## Task requirements
Reproduce the lines below verbatim. Pictures are to be omitted.

## Records provided
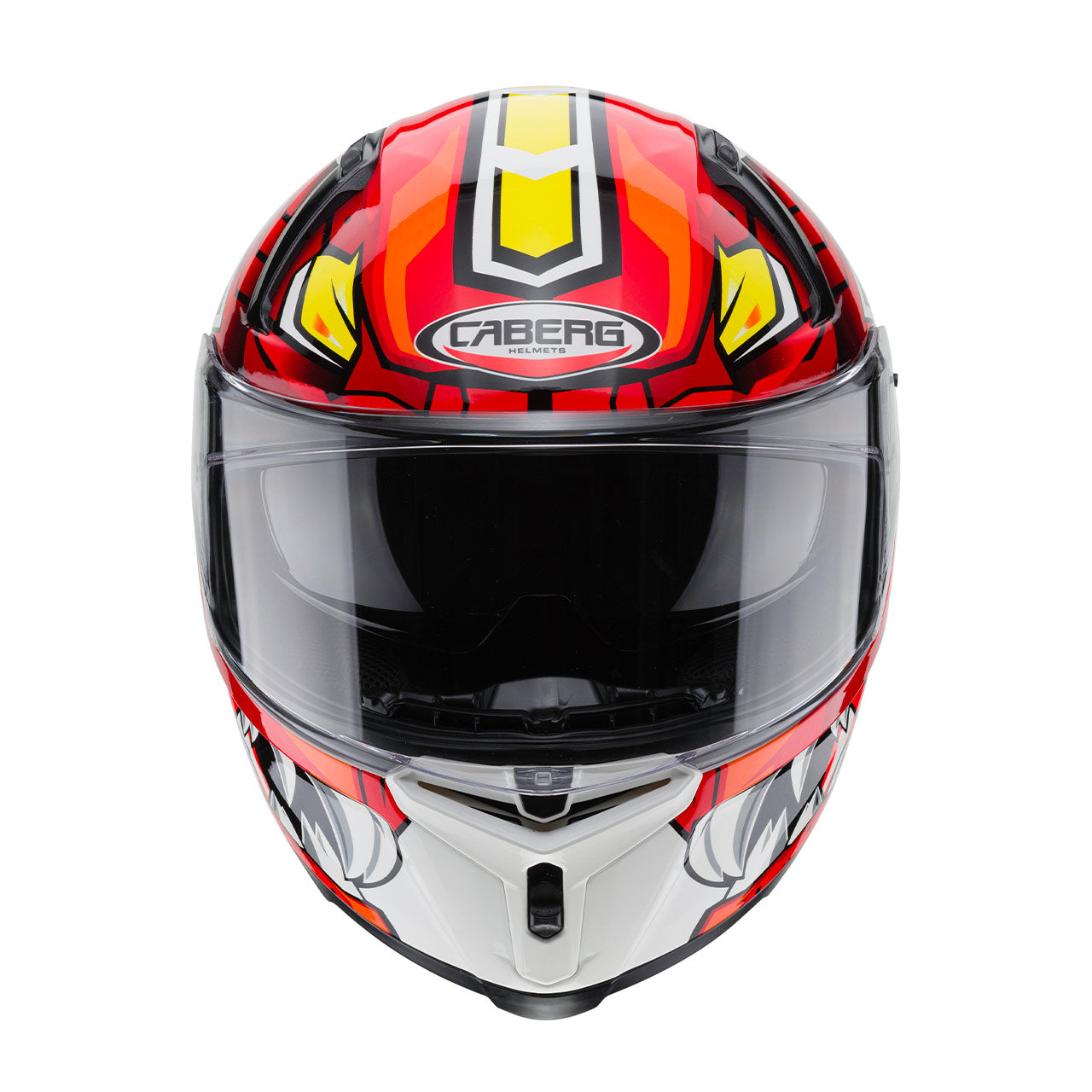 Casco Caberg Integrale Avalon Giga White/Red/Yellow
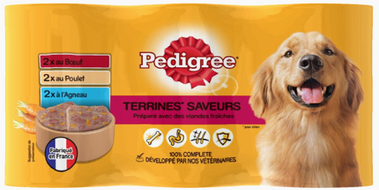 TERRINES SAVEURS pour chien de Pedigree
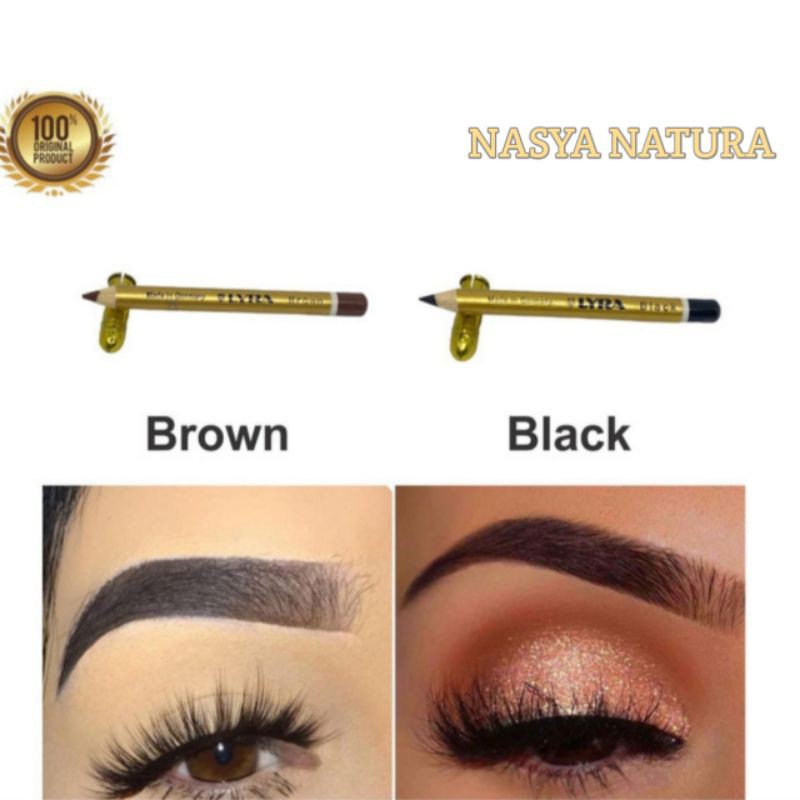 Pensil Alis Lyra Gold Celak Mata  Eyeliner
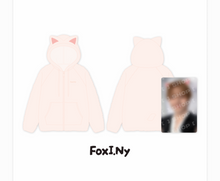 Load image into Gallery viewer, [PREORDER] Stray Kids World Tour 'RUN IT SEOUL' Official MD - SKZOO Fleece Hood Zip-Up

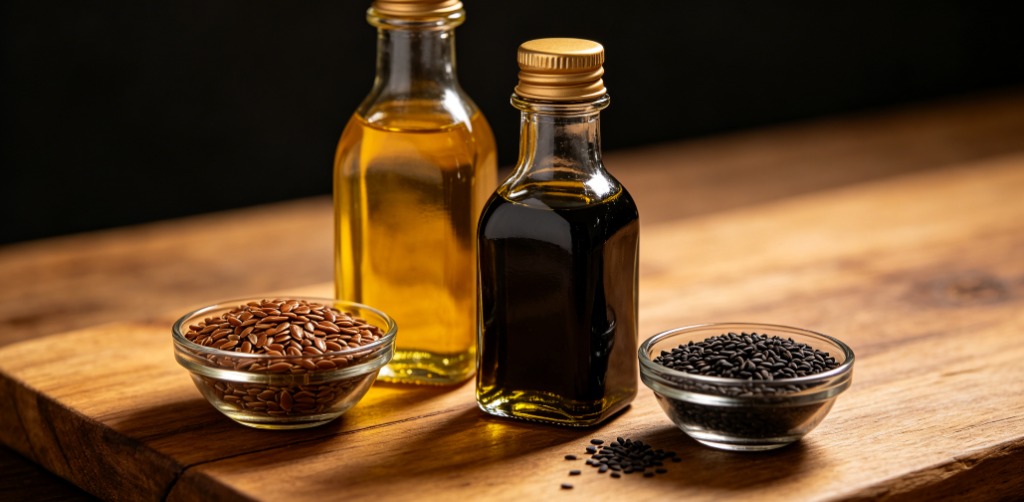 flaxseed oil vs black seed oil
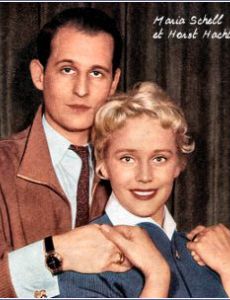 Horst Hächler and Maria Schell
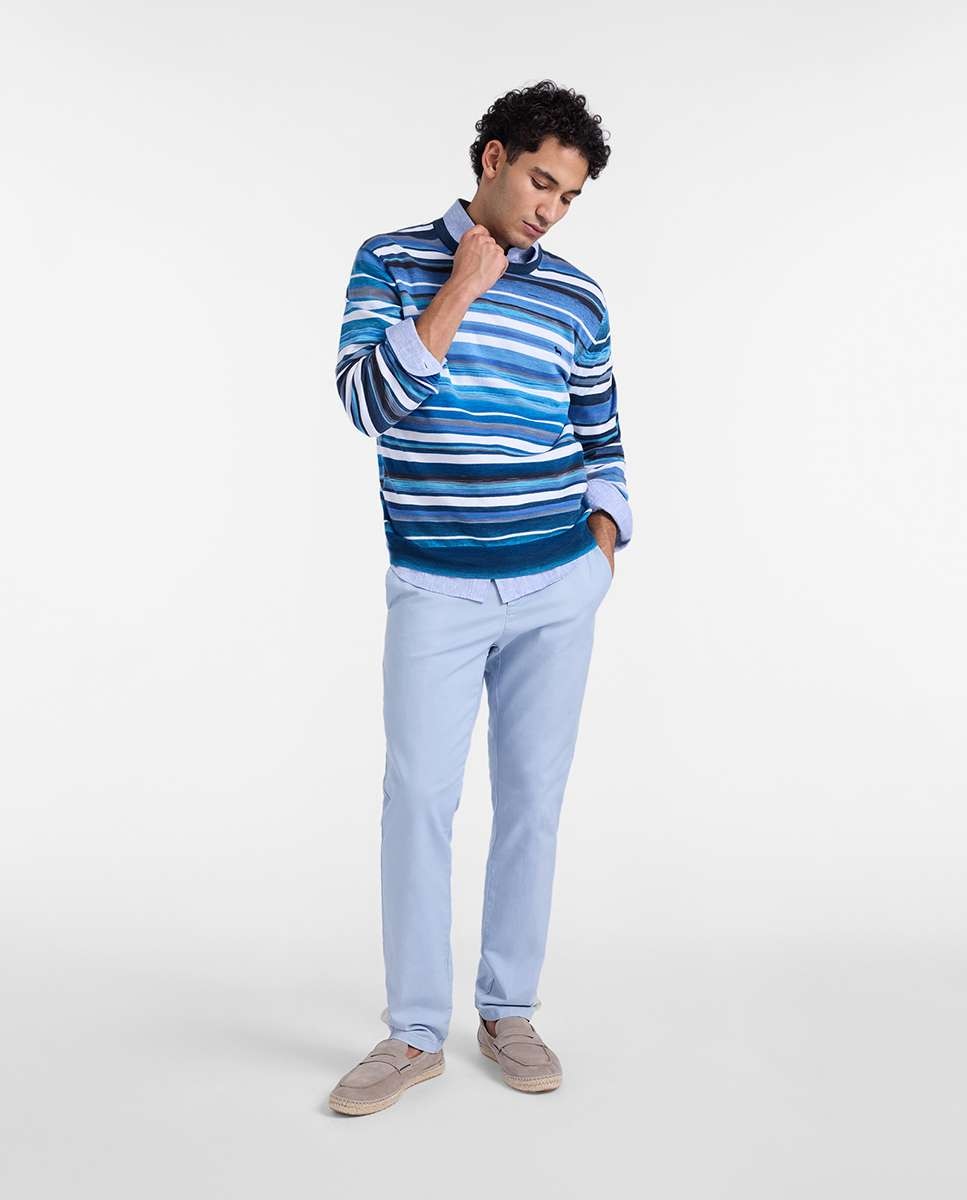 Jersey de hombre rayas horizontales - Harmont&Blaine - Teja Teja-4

## Response to this task
 Casco Caberg Integrale Avalon Giga White/Red/Yellow
 TERRINES SAVEURS pour chien de Pedigree
 Pensil Alis Lyra Gold Celak Mata  Eyeliner
 Load image into Gallery viewer, [PREORDER] Stray Kids World Tour 'RUN IT SEOUL' Official MD - SKZOO Fleece Hood Zip-Up

 flaxseed oil vs black seed oil
 Horst Hächler and Maria Schell
 Jersey de hombre rayas horizontales - Harmont&Blaine - Teja Teja-4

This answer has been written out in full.